## Abstract

The so-called store-and-transfer WDM network (STWN) can store data in source storage and provision lightpaths at an optimal time when wavelengths are clear of conflicts. Consequently, blocking of requests can be reduced and resource utilization of the network can be improved. In this work, we investigate dimensioning of STWN and propose a two-step method to jointly determine the number of wavelengths and storage size required to satisfy the demand, which is given as a load matrix with a deadline, blocking rate, and wavelength utilization. The method models the STWN as a TDM network and first obtains the required storage size by maximizing the number of fixed time slots in each period, then calculates the required number of wavelengths with the number of time slots. Numerical results show the following: high load between far apart source and destination nodes has significant impact on the required wavelengths and storage.
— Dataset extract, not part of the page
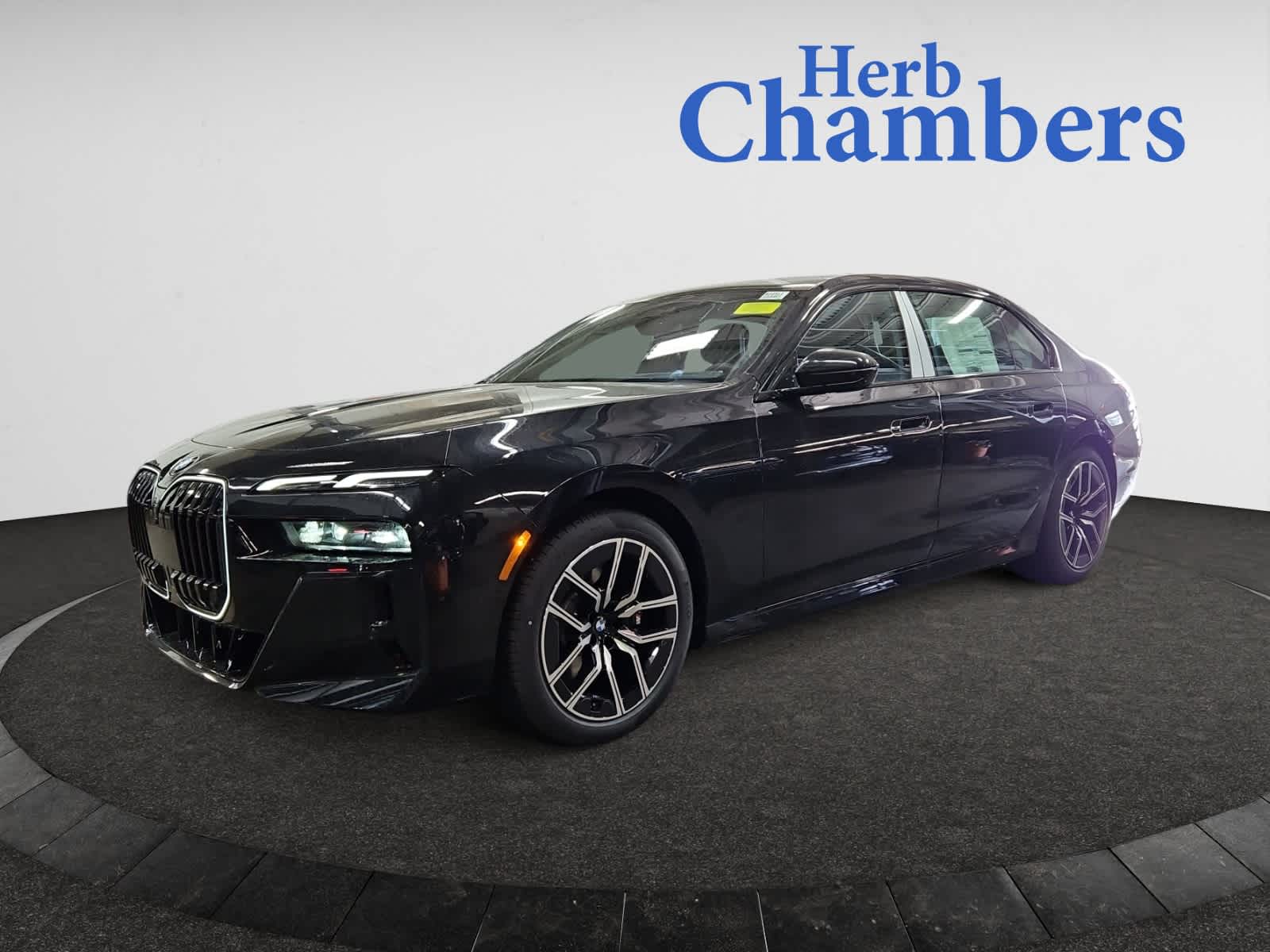 new 2025 BMW 740i car, priced at $106,470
For instance, in a 24-node topology, 20% more wavelengths and storage may be required to satisfy a biased load matrix than a randomly generated one. When calculating the required number of wavelengths, our method outperforms traditional routing and wavelength assignment (RWA), because the TDM-based model supports fractional load. In the 24-node topology, 18% more wavelengths may be required by RWA than by our method. By installing a moderate amount of storage, wavelength utilization can be effectively improved. With number of wavelengths and storage size equaling 29 and 274, in the 24-node topology, utilization can reach 0.9. We also find wavelength is equivalent with storage regarding capacity of a STWN. For instance, with number of wavelengths and storage size equaling 114 and 131, in the 24-node topology, the blocking rate is the same as with number of wavelengths and storage size equaling 29 and 270.